Loving that storytime

Years ago, when I was the manager of the Toy Shop, I had a vague dream of using puppets to work with groups of kids, and I used that excuse to purchase a vast supply of puppets for my personal collection.  But I didn’t really think that the dream would materialize, and mostly just collected the puppets.

The puppets now live up in my attic, in plastic storage boxes, and are rarely used because they’re so hard to get at (oh, for a few more closets in our house – one large closet and one small closet doesn’t quite meet the demands).  Even though the puppets aren’t being used, though, I am actually making that ancient dream of mine real, and loving it more and more each week.

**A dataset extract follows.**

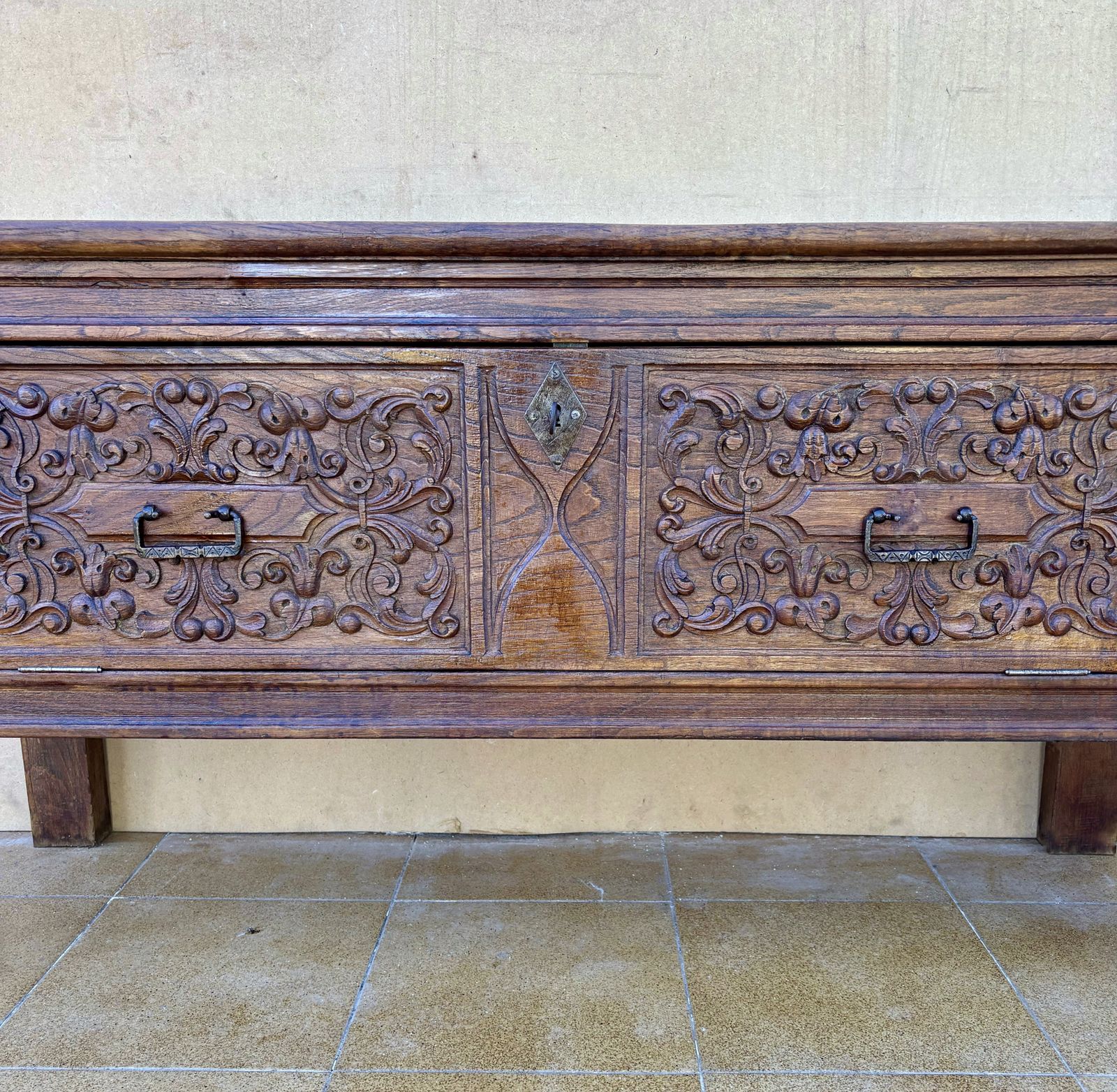 Antique Hand Carved Wooden Chest With Decorative Panels photo vintage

I haven’t quite gotten to the point where I’ll have my puppets speak to the kids in the toddler storytime (I still have a sense that my family’s strength with puppet-usage is a bit odd and perhaps something to be ashamed of rather than flaunted), but I do use puppets on a regular basis.  Yesterday I had Zebra, the official finger taster puppet, share with the kids some information about his home.  Zebra whispers in my ear, then I speak his thoughts out loud.  Working this way, Zebra told the kids about his school year home on the top of the bookcase in my office, where he can look out the office window into the children’s room.  He also told the kids that he summers on Cape Cod (since Zebra will be put away for the summer, and it’s much more fun to say he’s on vacation than that he’s locked in the storage cabinet).  The kids AND their parents loved that, and they all seemed to love the rest of my storytime, too. 

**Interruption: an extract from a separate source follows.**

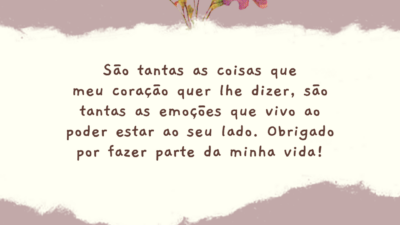 Obrigado por me fazer feliz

The more storytimes I do, the more I’m able to incorporate some of the educational knowledge that I have and also let go of my inhibitions and ham things up.   Yesterday I used a so-so book, Robert Kalan’s Moving Day, and made it wicked awesome by turning it into a felt board story.  I had worried that the story would be too boring, but by acting things out and adding some humor (when I picked up the “heavy” shell, I pretended to have a hard time lifting it – when picking up the “rough” shell, I said “Ouch!!”) it became something wonderful.  I even got a round of applause in the second storytime of the day.  Wow.

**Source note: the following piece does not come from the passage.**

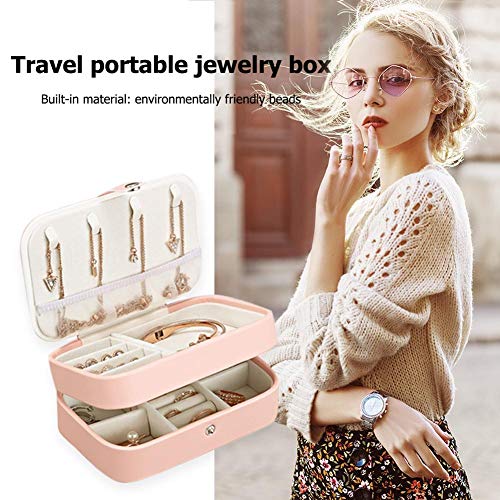 Nesrunx Caja de Almacenamiento de Pendientes 2 Capas Vitrina de joyería de Cuero PU (Rosa Claro)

Clearly, the best route to success in these storytimes is to use multiple mediums (felt board stories, puppets, stuffed animals, fingerplays, songs) and to forget that you’re a grownup and supposed to be dignified.  Once those inhibitions are gone, magical things happen.

3 thoughts on “Loving that storytime”

  1. Oh how fun! I found this blog while searching on “felt board stories” and was delighted to find someone who “gets it”! Kids need to see, touch, listen and DO. I love your approach! I offer felt figures for many stories on my site, they are very popular and I love working with them myself! Enjoy!

  2. I’m glad to know about your site – even though I love making my own felt figures (I have a weird talent for it), not everyone has that particular skill or wants to take the time…
    And you’re right, kids do need that totally interactive approach to stories, especially at a young age.

  3. The few times I’ve used puppets with kids, I did what you did — had them whisper in my ear, and then I told the kids what they said. Trying to come up with good voice characterizations seems hard — not impossible, just hard.